« Ce fut (Vayéhi), lorsque Pharaon eut renvoyé le peuple, D… ne les dirigea point par le pays des Philistins, car il était proche ; parce que D… disait : de peur que le peuple ne regrette, quand ils verront la guerre et qu’ils ne retournent en Egypte. » (Chémot XIII, 17).
Le Or Ha’hayim s’étonne du choix du mot « Vayéhi » (ce fut) utilisé ici par la Torah plutôt que celui de « Véhaya », sachant que nos sages (Méguila 10b) nous enseignent que le mot « Vayéhi » exprime de la souffrance, alors que « Véhaya » annonce la joie. Et quoi de plus joyeux pour les enfants d’Israël, après deux cent dix ans d’esclavage, que de se retrouver enfin libres ?
Curieux également, que de la lecture littérale du verset ce soit le Pharaon qui les ait renvoyés d’Egypte, alors que c’est le Saint béni-soit-Il, Lui-même, qui les a libérés, et qui les a sortis des mains du Pharaon.
On peut aussi s’étonner de la fin de ce verset. A peine affranchis, libérés de ce pénible esclavage enduré pendant tant d’années, serait-il possible qu’ils puissent penser retourner en Egypte, si le chemin de la sortie avait été davantage proche ?
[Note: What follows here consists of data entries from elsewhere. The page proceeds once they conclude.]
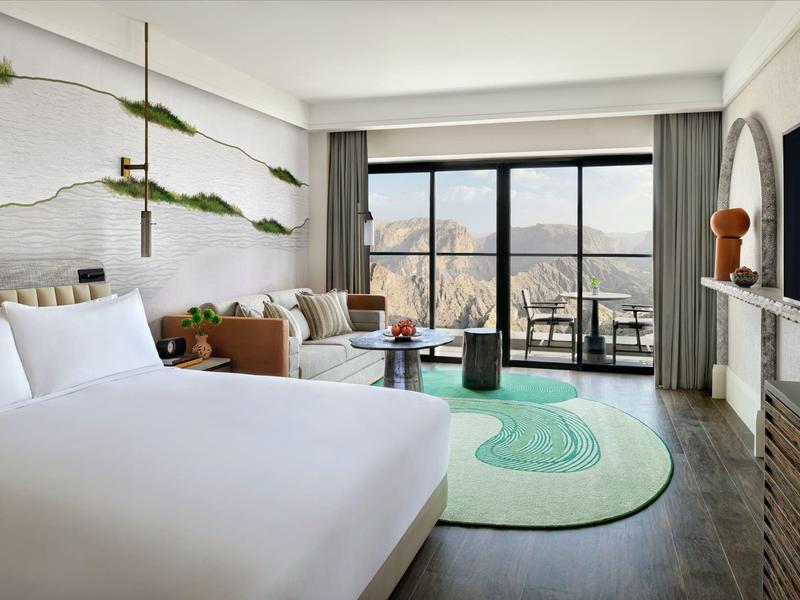 Moderní hotelový pokoj s velkou postelí, posezením a balkonem s výhledem na hory.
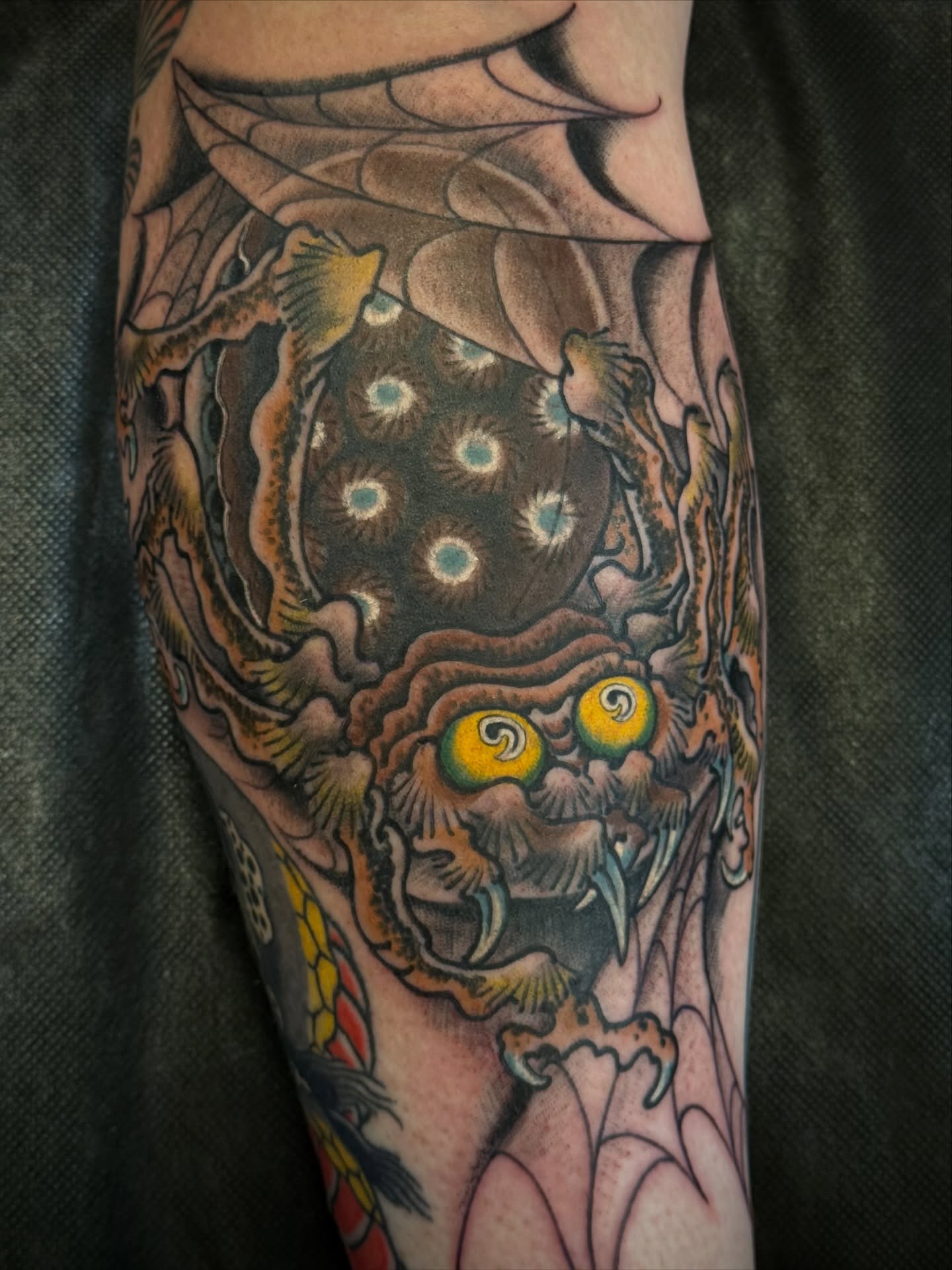 Monster dotwork tattoo on the forearm by Candi Kinyōbi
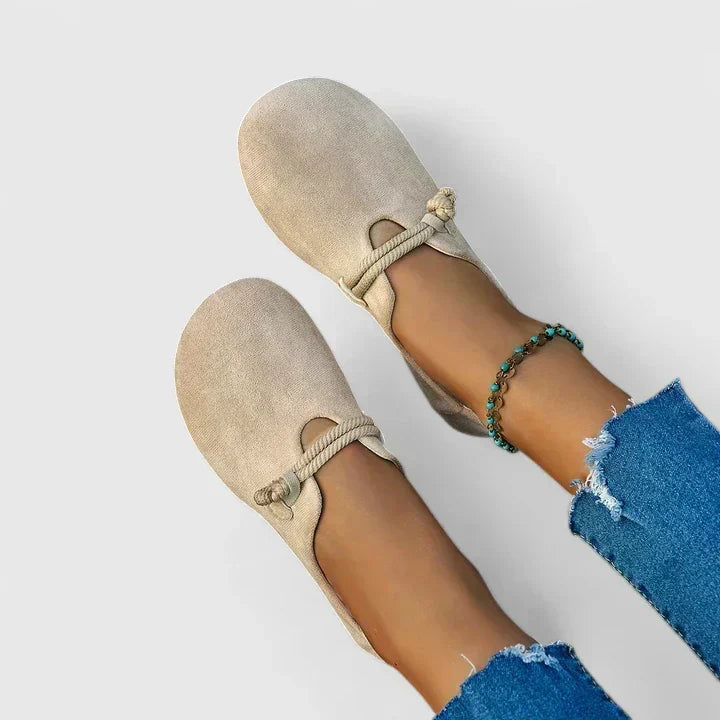 Margot loafers in beige, worn top view with cropped jeans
Le Rav Yitshak Dov Koppelman zatsal, Roch Yéchiva de Lucerne, rapportait le midrach (Rabba 20, 3) qui dit que le mot « Béchéla’h » est à comprendre dans le sens « accompagner » ; comme lorsque les anges le quittèrent pour Sodome, Abraham « les accompagna (léchalé’ham) pour les reconduire » (Beréchit XVIII, 16). Mais alors, il ne faudrait pas lire que Pharaon renvoya le peuple mais l’accompagna. Quelle en serait la signification ?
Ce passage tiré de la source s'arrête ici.